## Recorded information
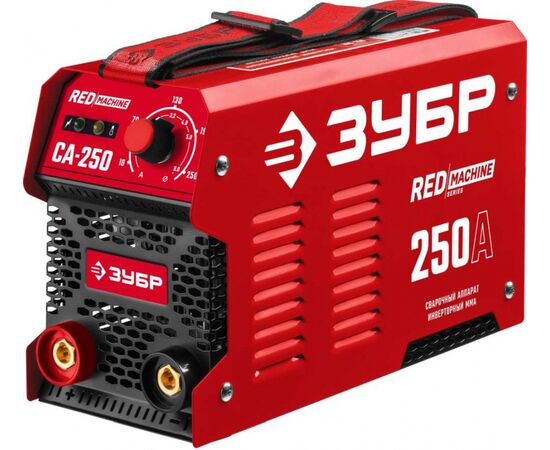  Сварочный аппарат Зубр СА-250 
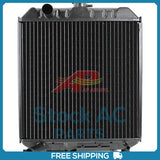 New Radiator for Kubota OE# 1736772060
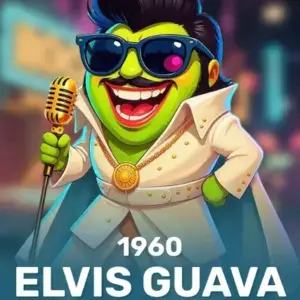 1960 Elvis Guava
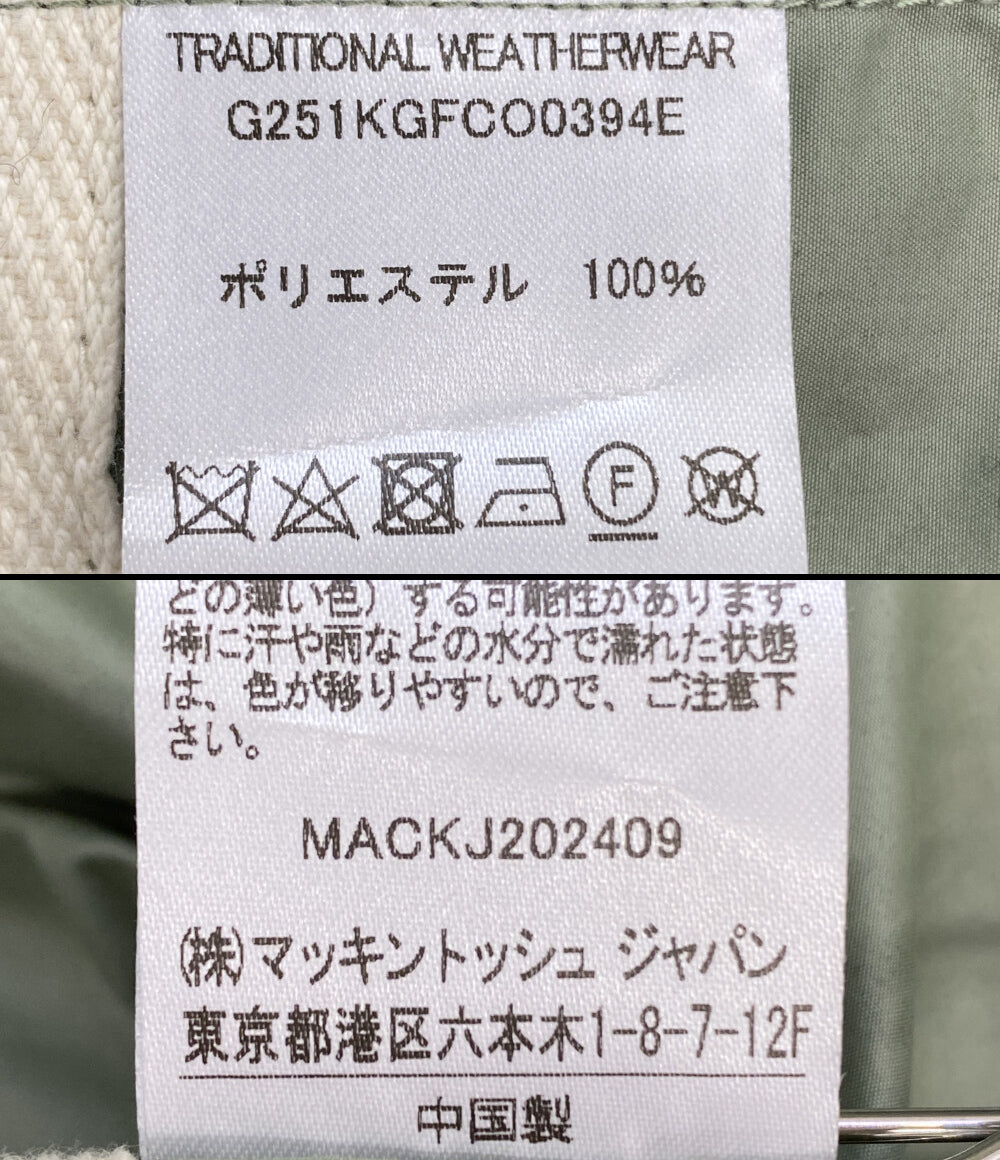 Traditional Weatherwear コート スタンドカラーブルゾン ELGIN メンズ SIZE 38 トラディショナルウェザーウェア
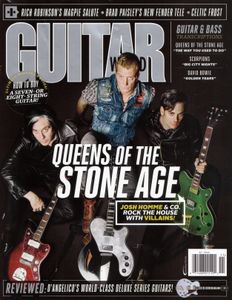 Guitar World (November 2017)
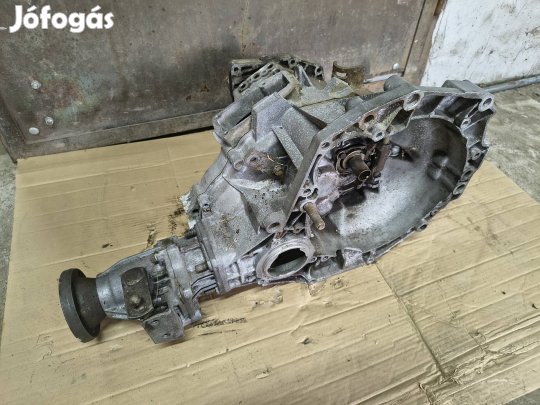 Fiat Panda 4x4 üres váltóház (korai szériához)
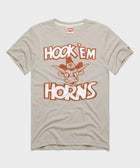 Texas Longhorns Hook 'Em Horns Longhorn Head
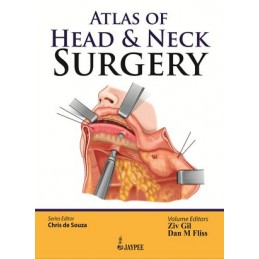 Atlas of Head & Neck Surgery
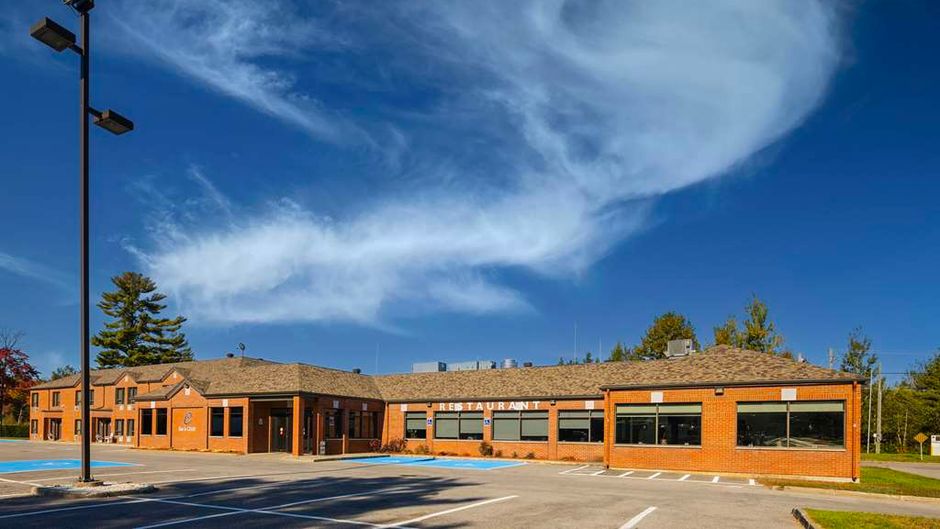 Econo Lodge Deschambault Exterior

## Activity
Transcribe exactly the span of lines that opens with the line holding "Texas Longhorns Hook 'Em Horns Longhorn Head" and closes with the last line of the entries above. Omit pictures.

## Answer space
 Texas Longhorns Hook 'Em Horns Longhorn Head
 Atlas of Head & Neck Surgery
 Econo Lodge Deschambault Exterior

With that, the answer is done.